The Signaling Name identifies the Child and the Signaling Type.
It is identical to the Child name (but with the final root label removed),
prefixed with a label containing the Signaling Type.
Bootstrapping a DNSSEC Delegation
When the Child zone's CDS/CDNSKEY RRsets are used for setting up initial
trust, they need to be authenticated.
This is achieved by co-publishing the Child's CDS/CDNSKEY records as an
authenticated signal from the Child DNS Operator.
The Parent can discover and validate this signal, thus transferring
trust from the Child DNS Operator to the Child zone.
Child DNS Operators and Parental Agents who wish to use CDS/CDNSKEY
records for DNSSEC bootstrapping SHOULD support the authentication
protocol described in this section.
Signaling Consent to Act as the Child's Signer
To confirm its willingness to act as the Child's delegated signer and
authenticate the Child's CDS/CDNSKEY RRsets, the Child DNS Operator
MUST co-publish them at the corresponding Signaling Name under each
out-of-bailiwick Signaling Domain ().
For simplicity, the Child DNS Operator MAY also co-publish the Child's
CDS/CDNSKEY RRsets under Signaling Domains that are in bailiwick,
although those Signaling Domains are not used for validation
().
Unlike the CDS/CDNSKEY records at the Child's apex, Signaling
Records MUST be signed with the corresponding Signaling Zone's
key(s).

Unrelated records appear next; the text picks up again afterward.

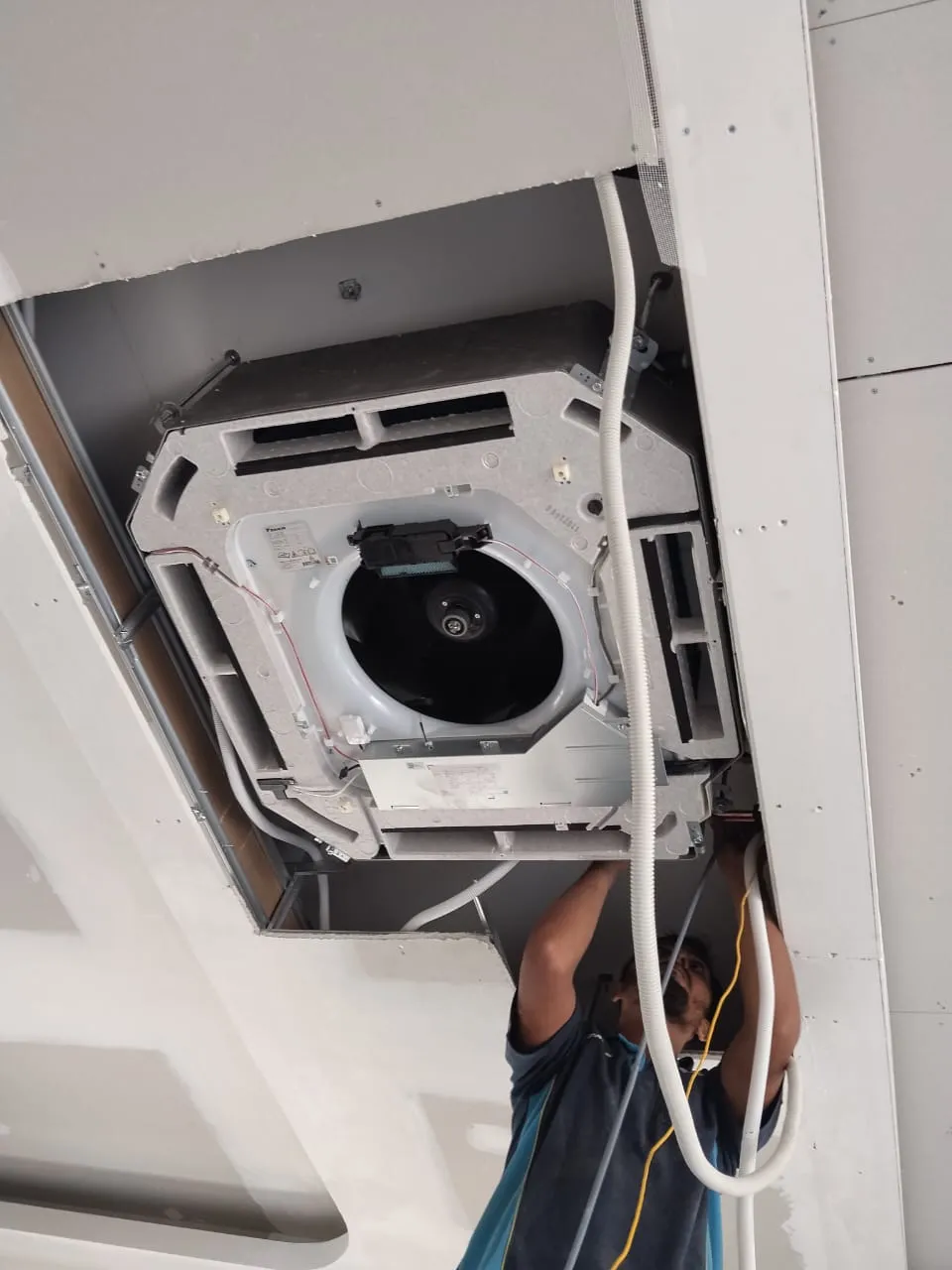 Hamzah, Service Technician with 1.5 years experience, performing a pressure chemical wash in Selangor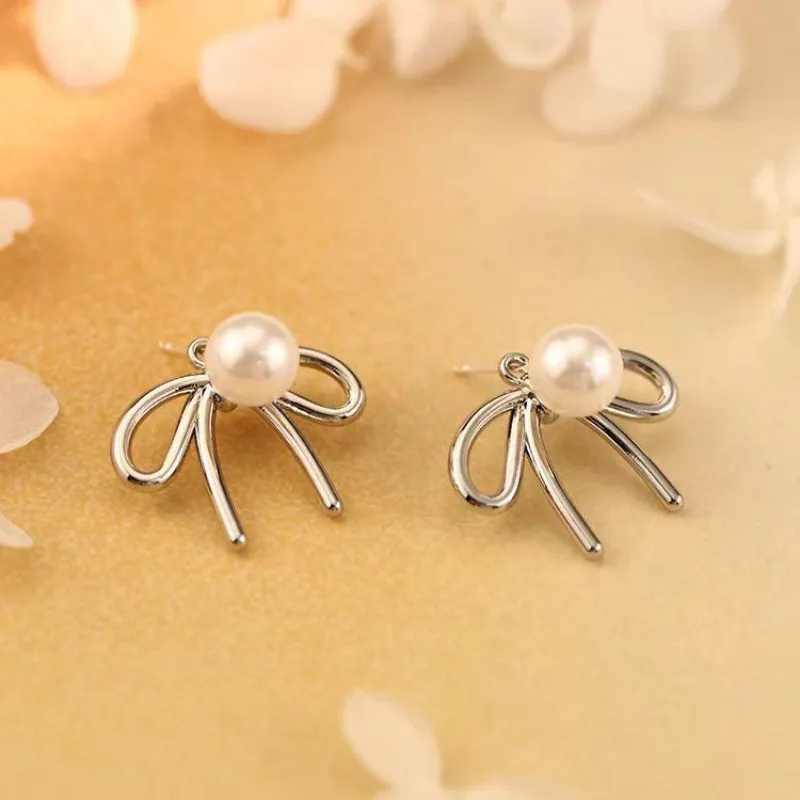 Sterling Silver Elegant Pearl Bow Earrings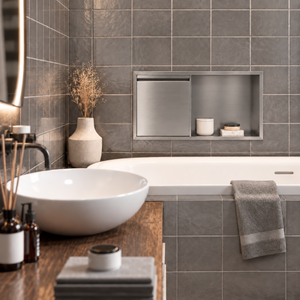 Bathroom with a door niche, 12 × 24 in, brushed stainless steel, recessed above a bathtub, white vessel sink in the foreground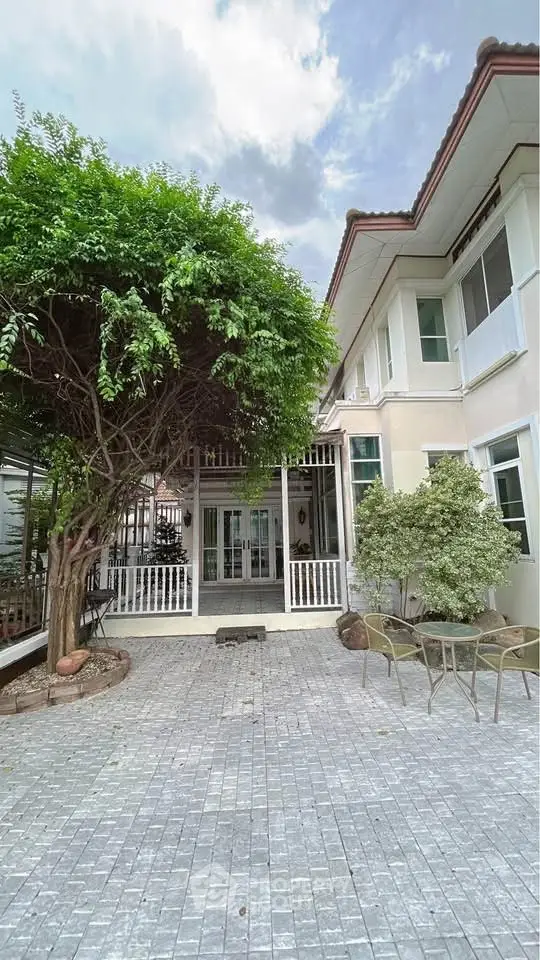 Charming two-story home with spacious patio and lush greenery, perfect for outdoor relaxation.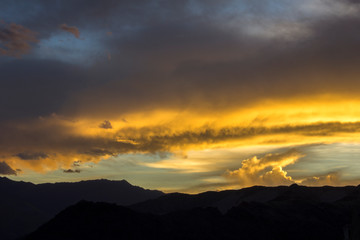 bright colorful sunset sky over dark silhouettes of mountains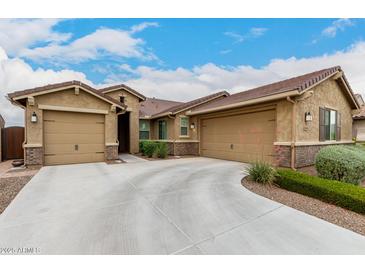 Charming single-story home with a three-car garage and a beautifully landscaped front yard with desert landscaping at 18368 W Long Lake Rd, Goodyear, AZ 85338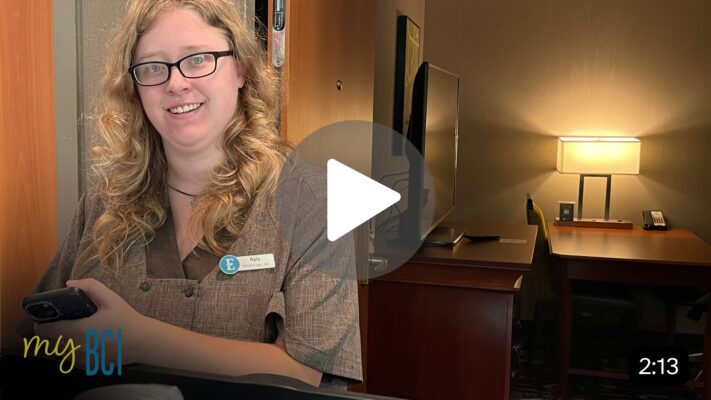 Young woman with disabilities in Embassy Suites uniform
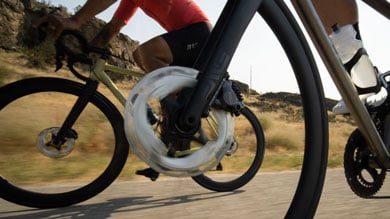 Close-up of two cyclists riding on a road, focusing on the bicycle wheels.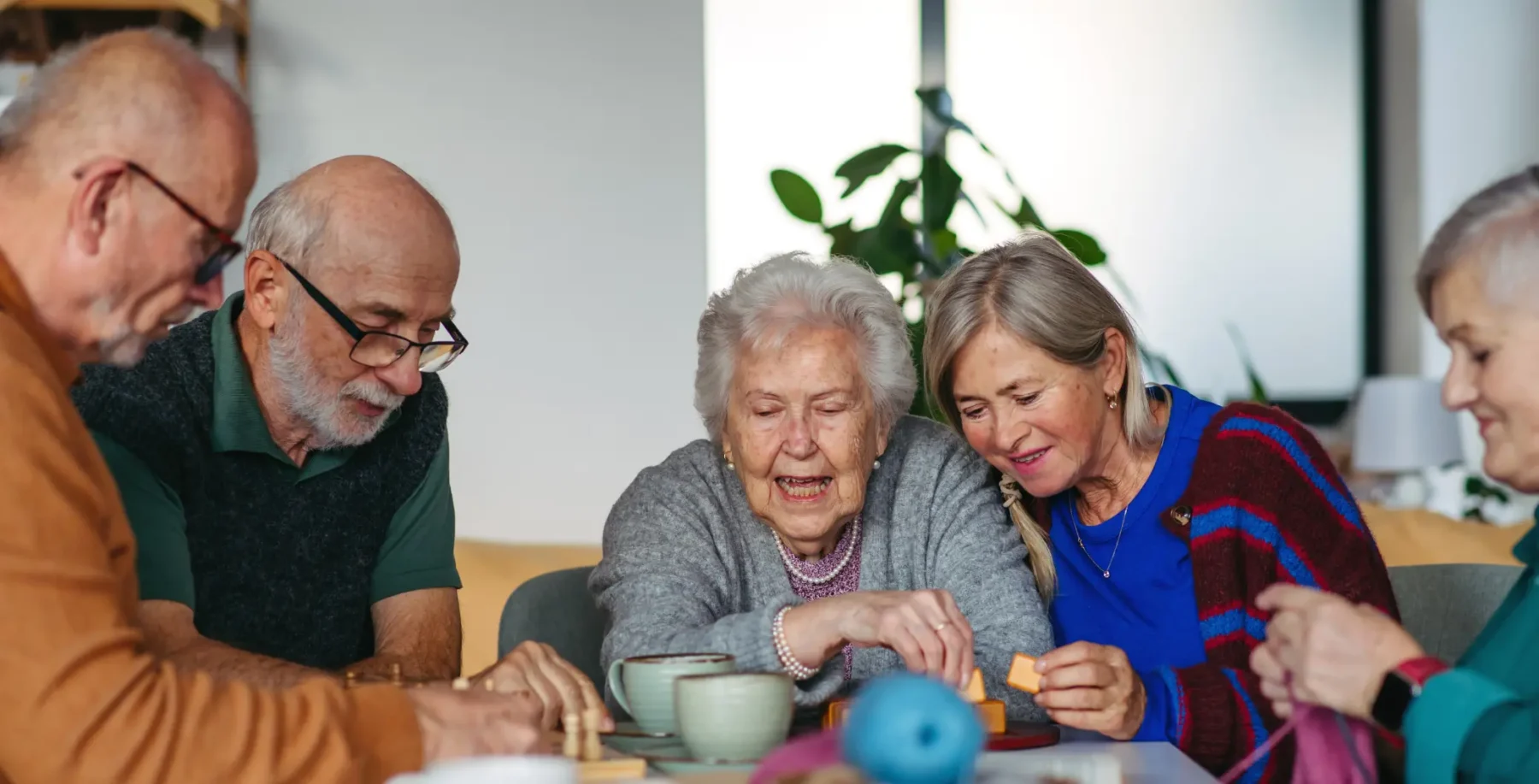 An elderly woman and caregivers enjoying a social activity, highlighting government support initiatives for seniors' well-being and community engagement in Canada.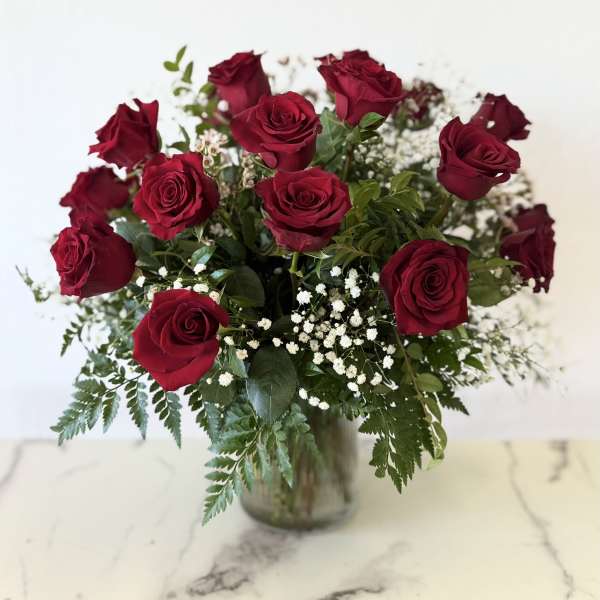 Bouquet of red roses in a glass vase with baby's breath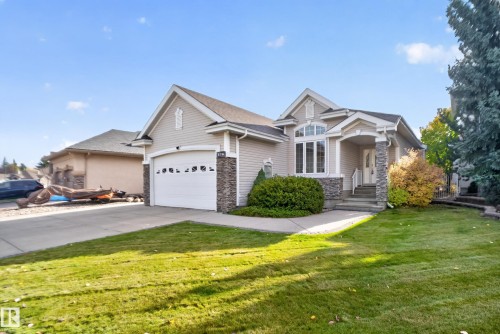 Single-story residence featuring horizontal lap siding, stacked stone accents, an arched window with transom, a covered entryway, and a paved driveway - 876 Twin Brooks Close Nw, Edmonton, AB 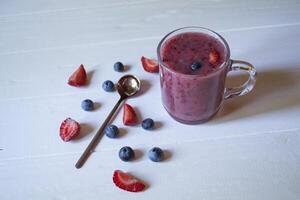 il frutta frullato nel un' bicchiere tazza, e maturo frutta su il tavolo. foto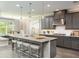 Modern kitchen with gray cabinets and large island at 11209 Manor House Ln, Odessa, FL 33556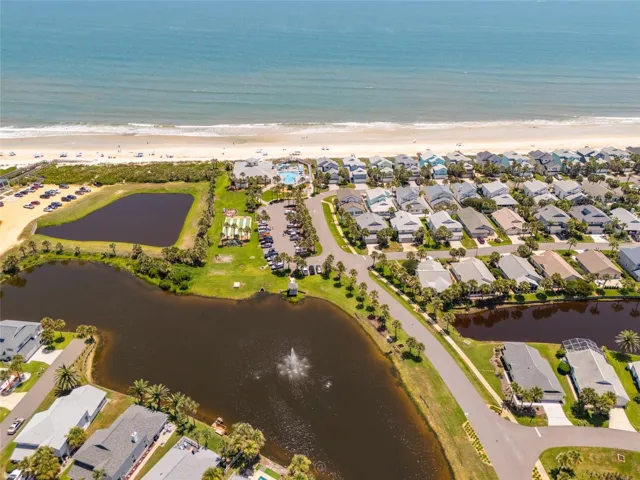 Aerial view of lake with fountain across from house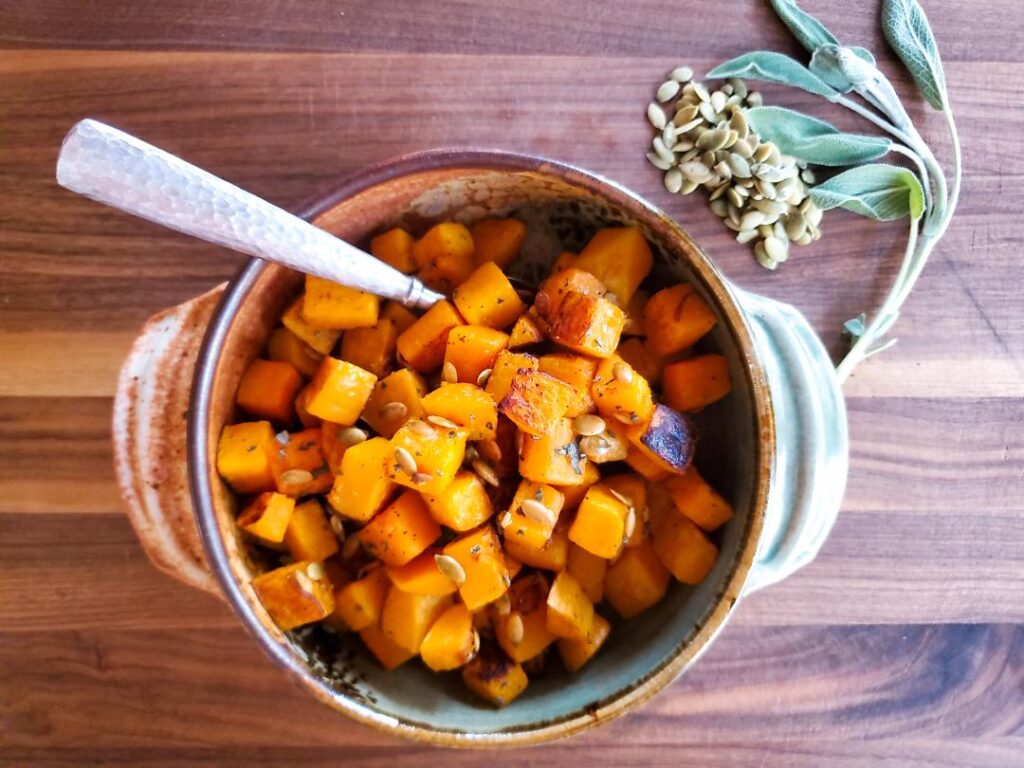Golden orange butternut squash is roasted in the oven until lightly charred, then sprinkles with sage and pumpkin seeds.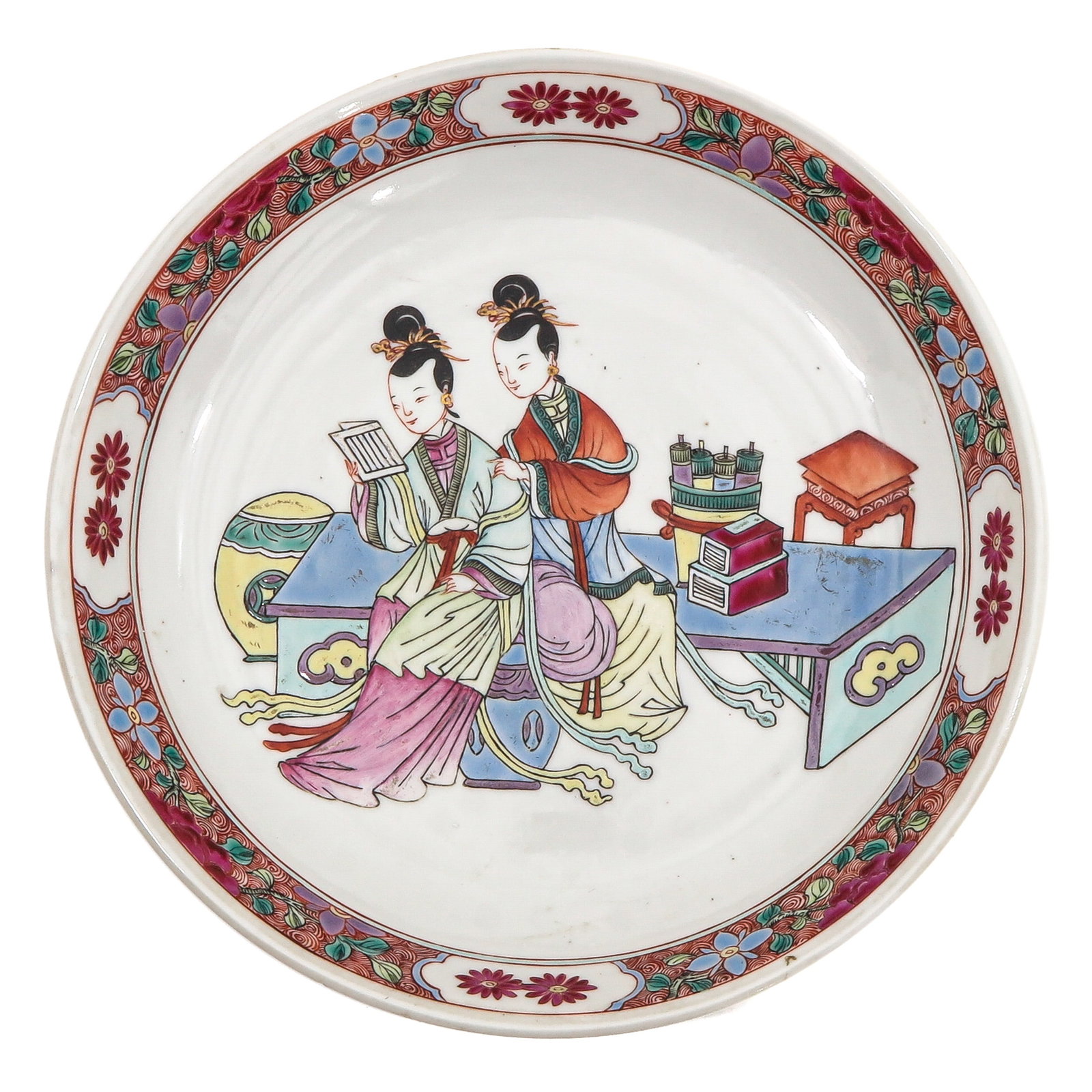 A Famille Rose Plate: Depicting Chinese ladies, 25 cm. in diameter, chip.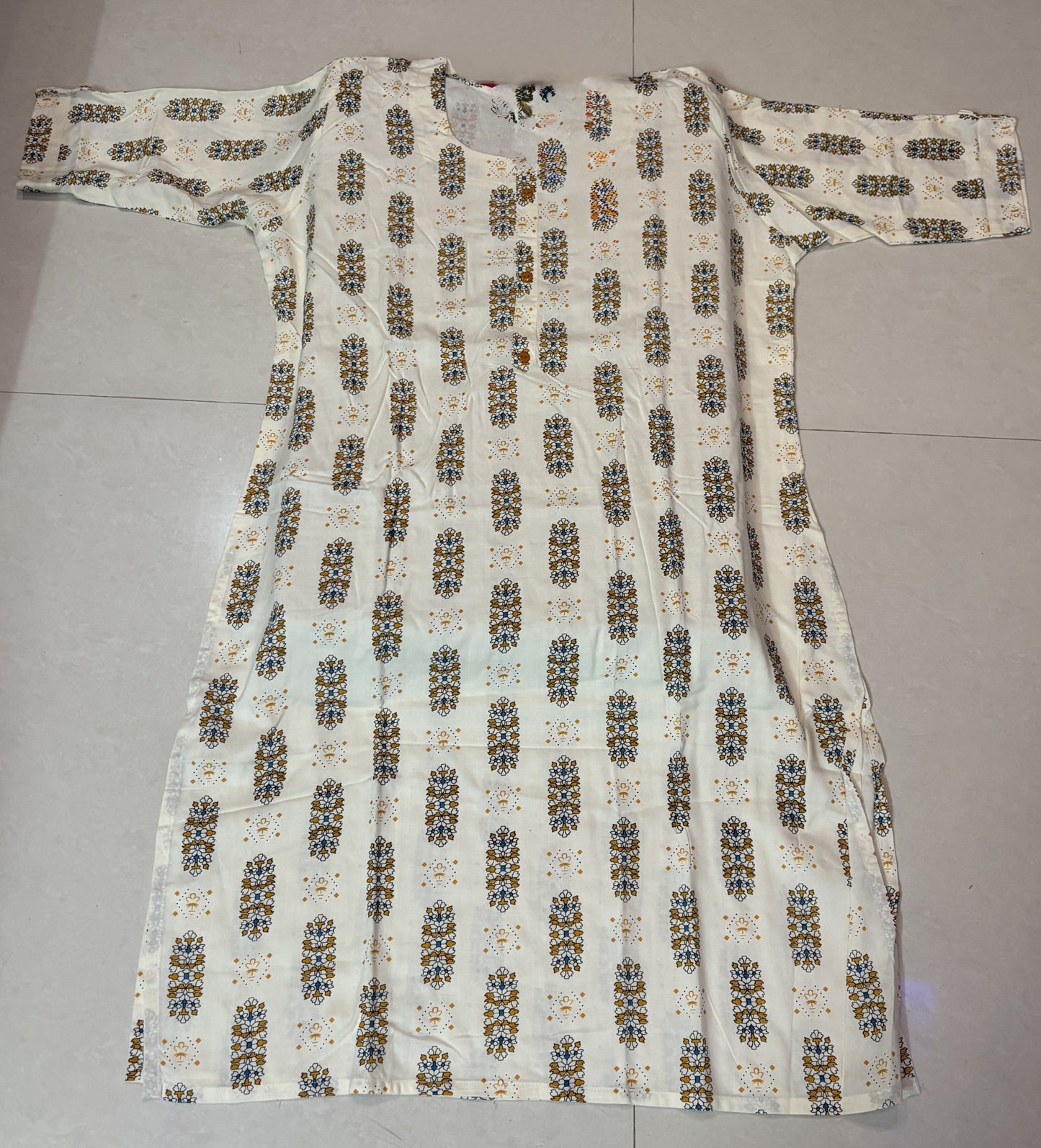 Cream Ornamental Printed Kurti – Light & Graceful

Their contents MUST be identical to the corresponding
records published at the Child's apex.
Existing use of CDS/CDNSKEY records is specified at the Child apex
only (, Section 4.1). This protocol extends the use of
these record types to non-apex owner names for the purpose of DNSSEC
bootstrapping. To exclude the possibility of semantic collision,
there MUST NOT be a zone cut at a Signaling Name.
Example
For the purposes of bootstrapping the Child zone example.co.uk with NS
records ns1.example.net, ns2.example.org, and ns3.example.co.uk,
the required Signaling Domains are _signal.ns1.example.net and
_signal.ns2.example.org.
In the zones containing these domains, the Child DNS Operator
authenticates the CDS/CDNSKEY records found at the Child's apex by
co-publishing them at the names:
_dsboot.example.co.uk._signal.ns1.example.net
_dsboot.example.co.uk._signal.ns2.example.org
The records are accompanied by RRSIG records created using the key(s)
of the respective Signaling Zone.
Publication of Signaling Records under the in-bailiwick domain
_signal.ns3.example.co.uk is not required.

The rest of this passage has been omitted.